I don't know how, I don't now why but they actually WORK!. At least on Cinny they do. Of course every horse is different. But seriously, I fed him a handful after tacking him up and then put him to work on the lunge line with side reins. Something that ALWAYS makes him grind like a beaver. Nothing... He was chomping and chewing his bit, flapping his lower lip, even drooling a little but no grinding.

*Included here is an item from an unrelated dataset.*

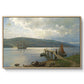 The Jetty at Feste near Moss, 1898 - Floater Framed Canvas Print
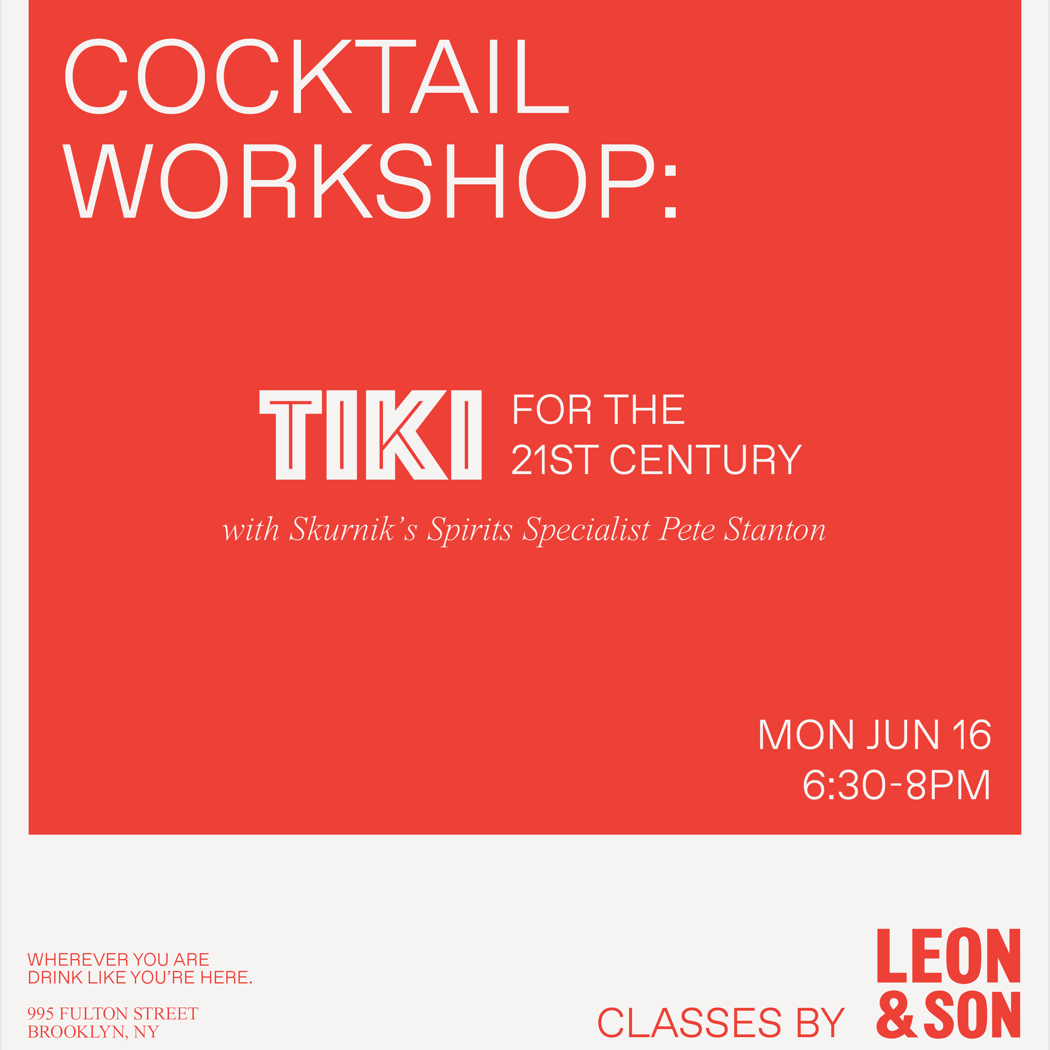 Tiki Cocktail Workshop with Pete Stanton 1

So then I hopped on and rode him on a square making my turns on the fore. This is a GUARANTEE teeth grinding exercise. Frankly the horse hates it and lets me KNOW. He flicked his ears back once and had an angry look on his face, but kept chewing and chomping, but not gritting or gritting. He did pop up a few kicks...but that is his normal way of saying he is really frustrated with what I'm asking him to do.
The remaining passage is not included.